Russian Orthodox Priest Arrested for Sermon ‘Discrediting the Russian Armed Forces’…

Meanwhile more than 5,000 people were detained across the country as police sought to quell growing unrest at Putin’s invasion of Ukraine, the OVD-Info monitoring group claimed. 

Russia’s interior ministry previously said police had arrested roughly 3,500 people, including 1,700 in Moscow, 750 in St Petersburg and 1,061 in other cities. 
Father Burdin, of the Resurrection Church in Russia’s western Kostroma region, was arrested shortly after delivering his sermon, according to the Media Zona website.

A police report cited by Media Bona claimed the priest had “committed a public offence aimed at discrediting the Russian armed forces which are conducting a special military operation”.

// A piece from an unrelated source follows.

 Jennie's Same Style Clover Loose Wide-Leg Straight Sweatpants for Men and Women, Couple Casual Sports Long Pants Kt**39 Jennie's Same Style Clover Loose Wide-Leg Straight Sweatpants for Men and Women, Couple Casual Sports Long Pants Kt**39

During his sermons told parishioners of “Russian troops in Ukraine shelling the Ukrainian cities of Kyiv, Odessa, Kharkiv and killing citizens of Ukraine – brothers and sisters in Christ”, the police report added.

Father Ioann’s parish last week posted a link to an online anti-war petition.

In an accompanying statement he said: “We, Christians, cannot stand idly by when a brother kills brother, a Christian kills a Christian.

“Let’s not repeat the crimes of those who hailed Hitler’s deeds on Sept 1, 1939.”

Fr Burden, who has been charged with “discrediting” the Russian army, faces a court hearing this week.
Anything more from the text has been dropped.